Author Dalia Sofer of The Septembers of Shiraz spoke at Kepler’s bookstore in Menlo Park tonight, and I was very excited to go. I just finished reading her book a couple of days ago, so the timing was perfect.
The turnout was pretty decent, almost all the chairs were filled. Roughly 20 people showed up, but only about 5 people actually had any comments/questions.
After a brief introduction, Dalia walked to the podium, quietly taking her place the microphone, and finding her bookmark in her edition of her book. She gave a very short introduction to the section she was about to read, there was no set-up necessary as she started reading straight from page one of chapter one. She then jumped towards the end of the book, and read out of one of the later chapters.
The reading was fairly short though, about a half hour, with a book signing at the end. A few people in the audience could not stop gushing about how well written the book is. Another few people hadn’t read the book at all, so their questions were a little random.

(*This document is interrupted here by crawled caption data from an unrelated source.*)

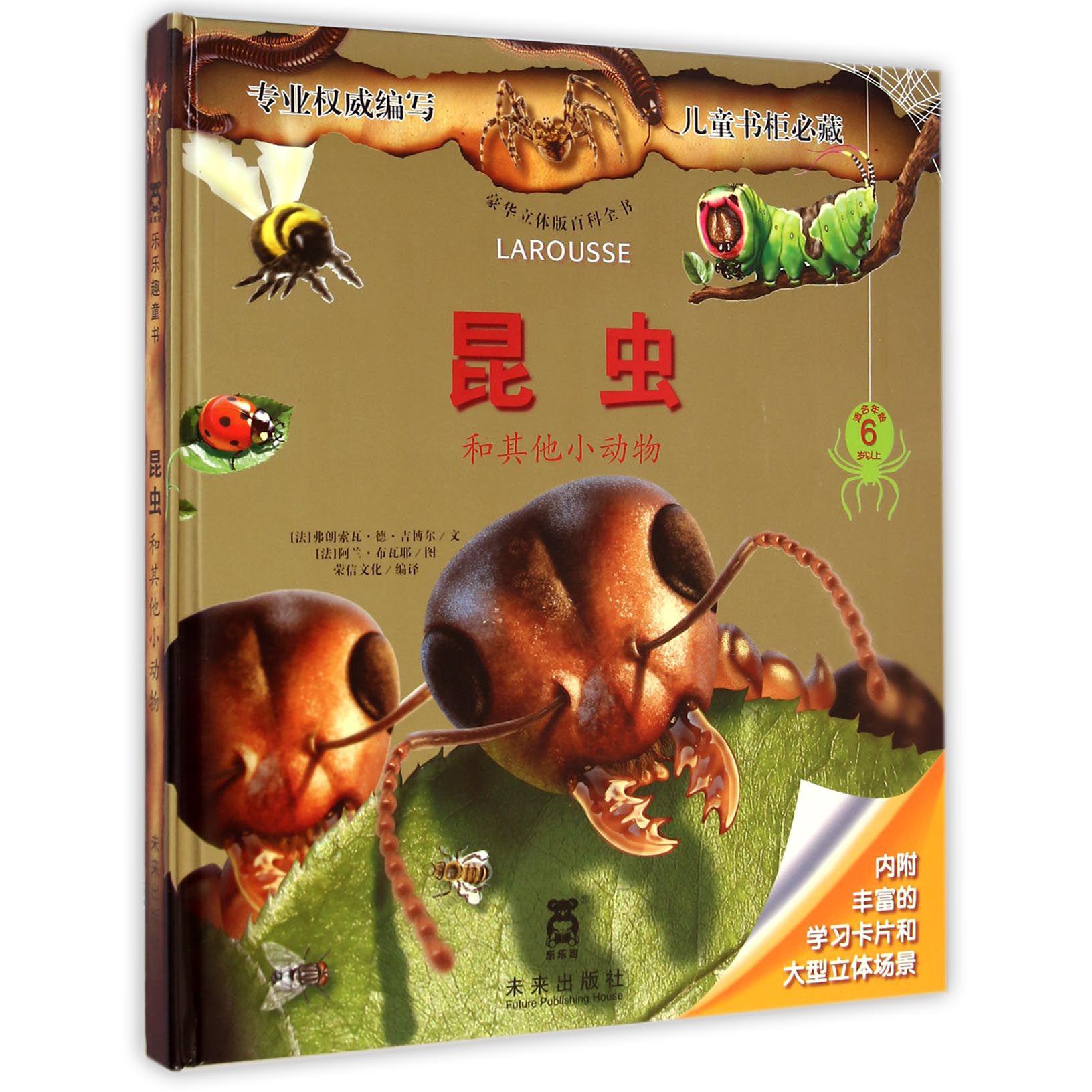 昆虫和其他小动物（适合年龄6岁以上）（精）/豪华立体版百科全书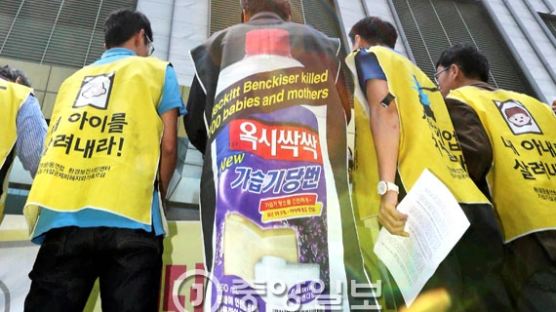 ‘가습기 살균제’ 신현우 전 옥시 대표 영장
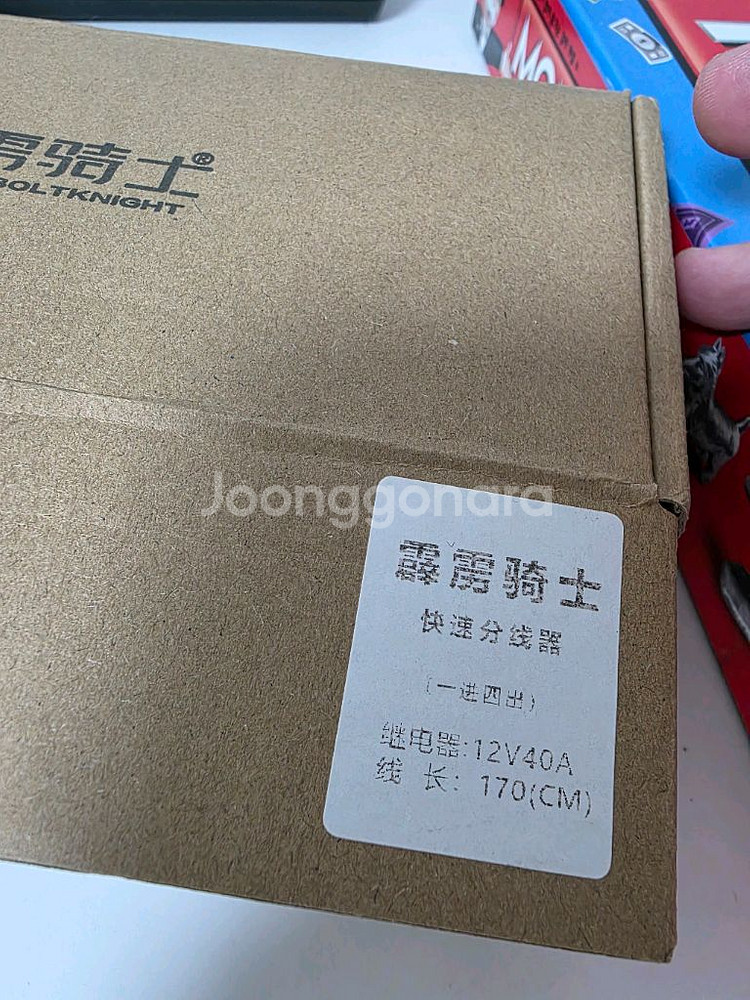 id221 C3 Plus 오토바이 블랙박스 스쿠터 배달--4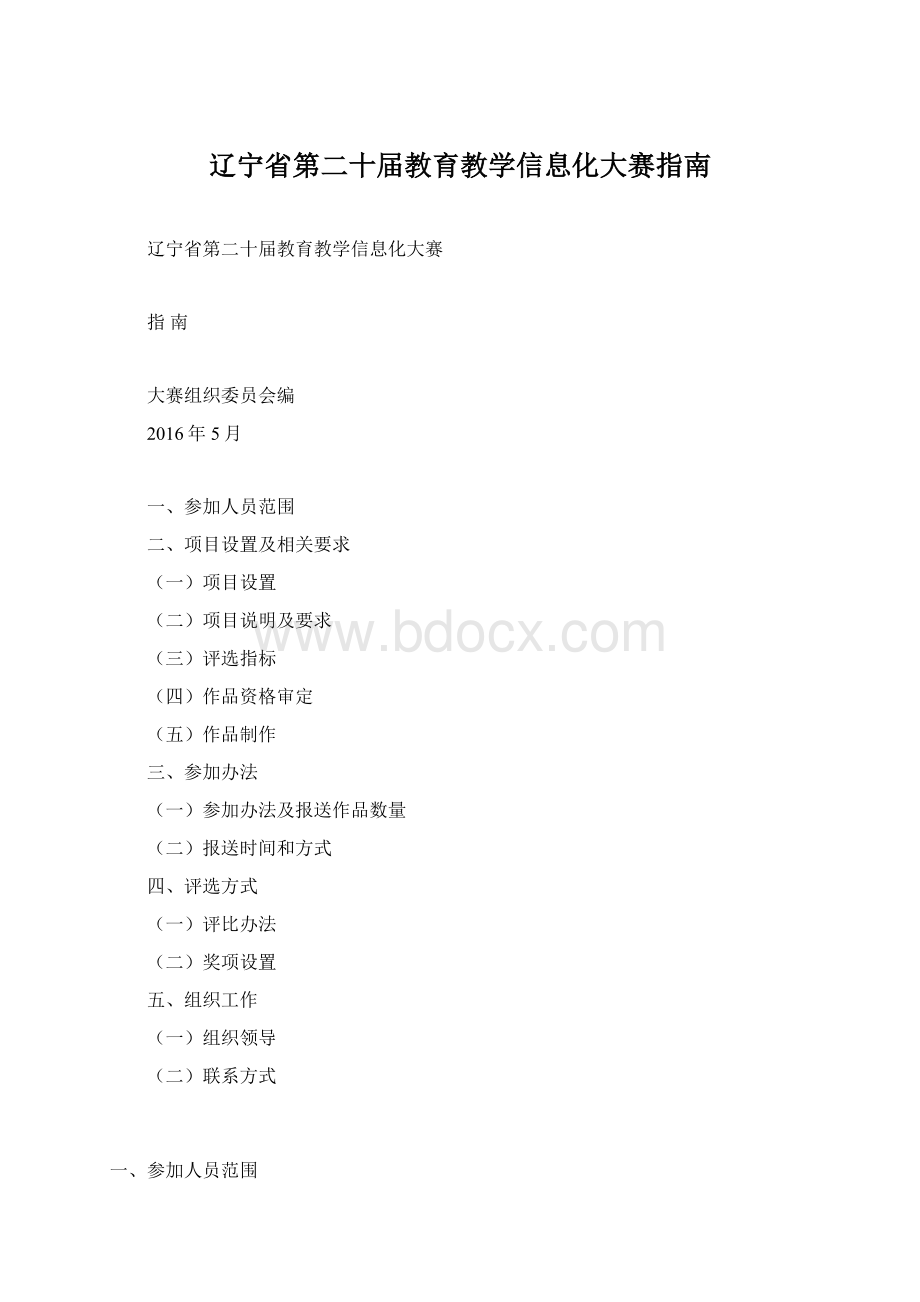 辽宁省第二十届教育教学信息化大赛指南.docx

Dalia herself, was extremely well spoken and friendly, but also reserved due to nerves. This is her first book, so I’m sure the book-tour trek across the nation must be a new arena for her.
Some interesting points of the Q&A
- Dalia is working on a second novel, which she says will have a completely different feel and story line than this first novel.

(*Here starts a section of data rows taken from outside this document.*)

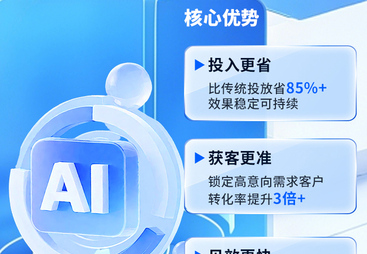 麦思科技的服务靠谱吗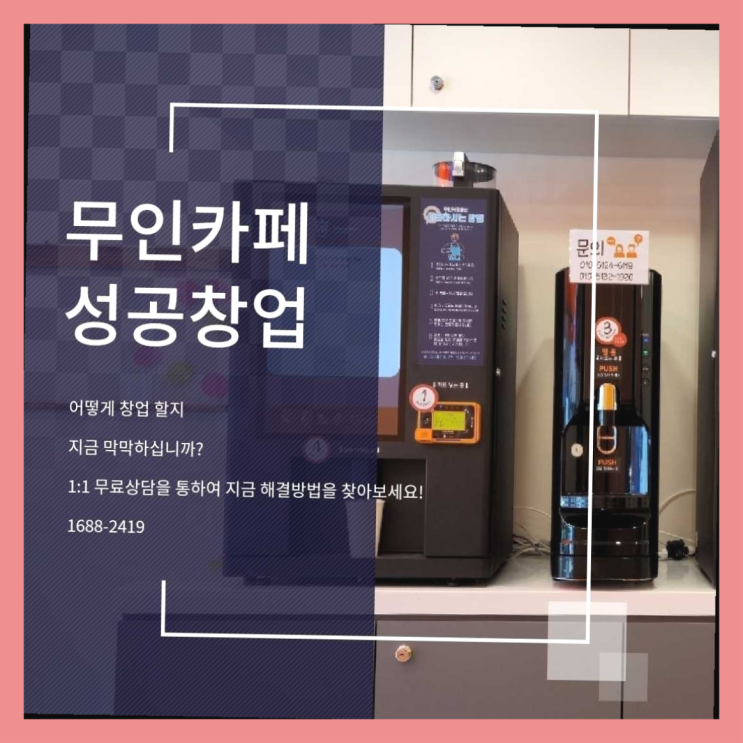  개봉동 60대창업 창업은 카페다모 여기죠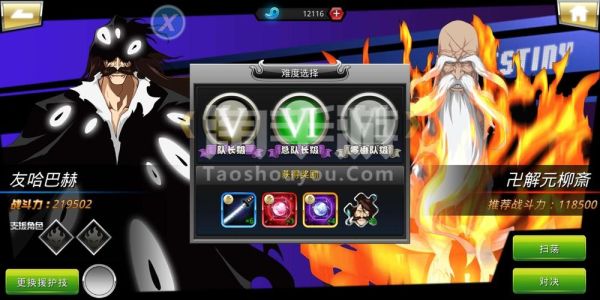 灵魂撕裂鎏金灵王骨怎么获得？灵魂撕裂新手兑换码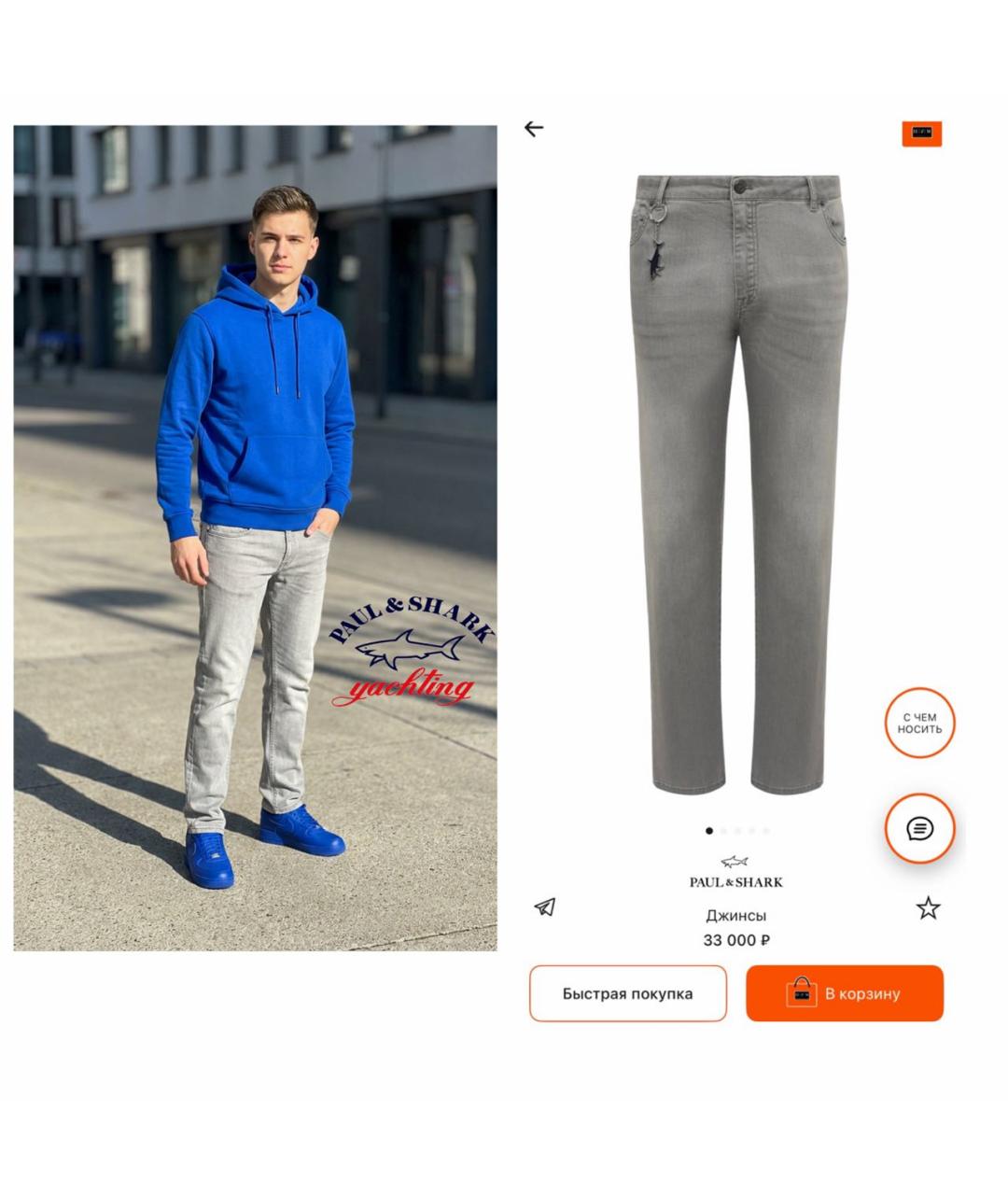 PAUL & SHARK Серые хлопко-эластановые джинсы скинни, фото 2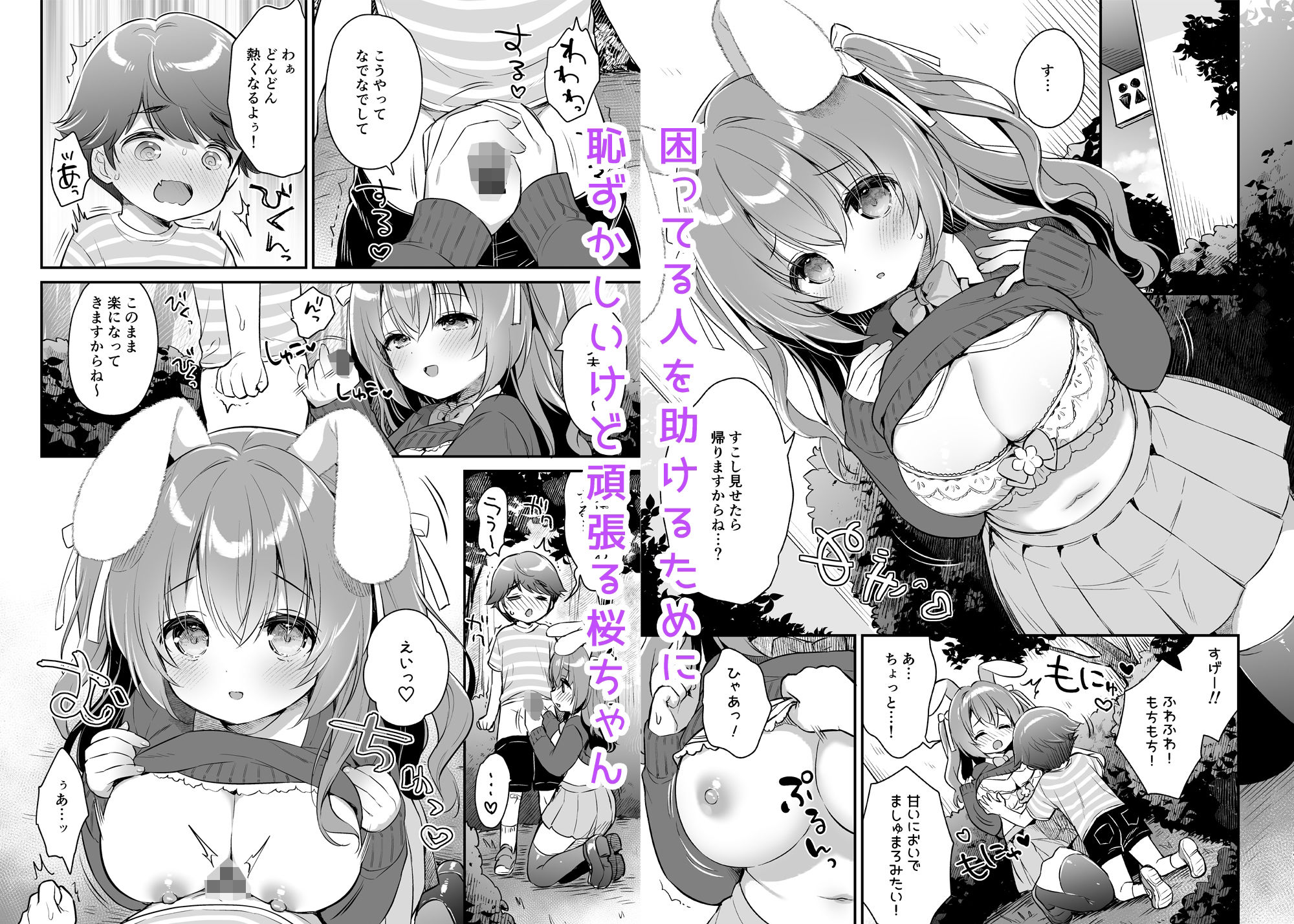 やさしくてふかふかな桜ちゃんの話_1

- Dalia spent most of her time developing the character Isaac, and was not sure how to approach Shirin (the daughter). Most people in the audience agreed that Shirin was one of the strongest characters in the novel.

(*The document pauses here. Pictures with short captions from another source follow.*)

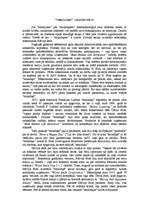 Eseja '"Smaidiņa" izgudrotājs', 1.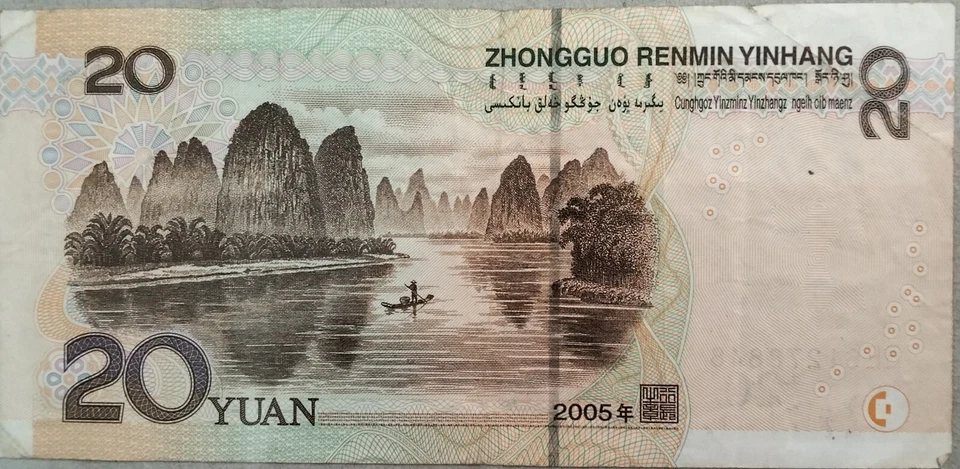 China 2005 5th Series 20 Yuan note EE 61278848 - Image 2 of 2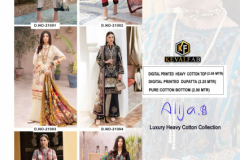 Keval Fabs Alija.B Vol 21 Luxury Heavy Cotton Collection Karachi Digital Print Design 21001 to 21006 Series (3)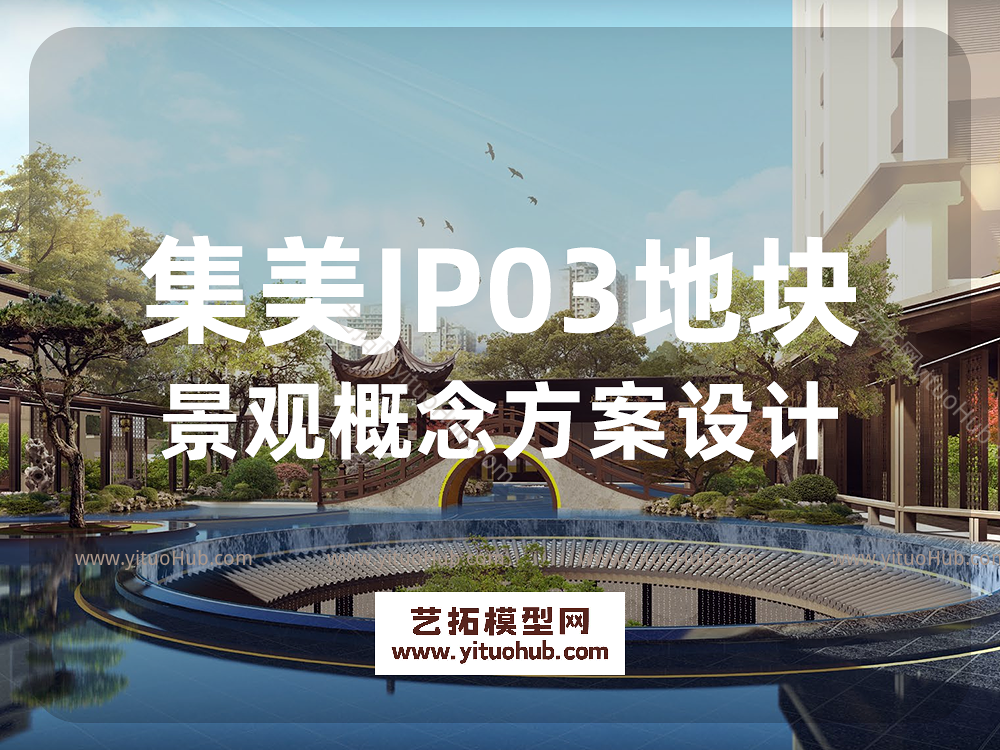集美JP03地块景观概念方案设计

- Dalia worked on this novel off and on for about seven years. It started originally as a memoir of her family’s experiences in Iran. Dalia was about ten or so when her family moved out of Iran in 1982, so this story had its roots in a true setting. However, during the course of the seven years, the story became more fictional as Sofer began to develop a variety of characters to push the story along.
- The title refers to a city in Iran which represents a more idealistic and simple time in Iran before the revolution. Shiraz is also Farsi for wine, but that’s not the meaning the author wanted to convey.
I mentioned to her that I thought it was very clever to a have running connection between the family members, their individual search for an identity. Even though their lives were falling apart all around them, there was that one connection that kept their family bonded. Dalia noted that many of the character parallels in the story were unintentional, and she did not realize that she had developed that whole layer of writing until after she had reread her work.
My opinion of her first novel still stands. Its an incredible read, full of sensory images and details. I hope more people will gently nudge this book closer to the top of their To-Read pile.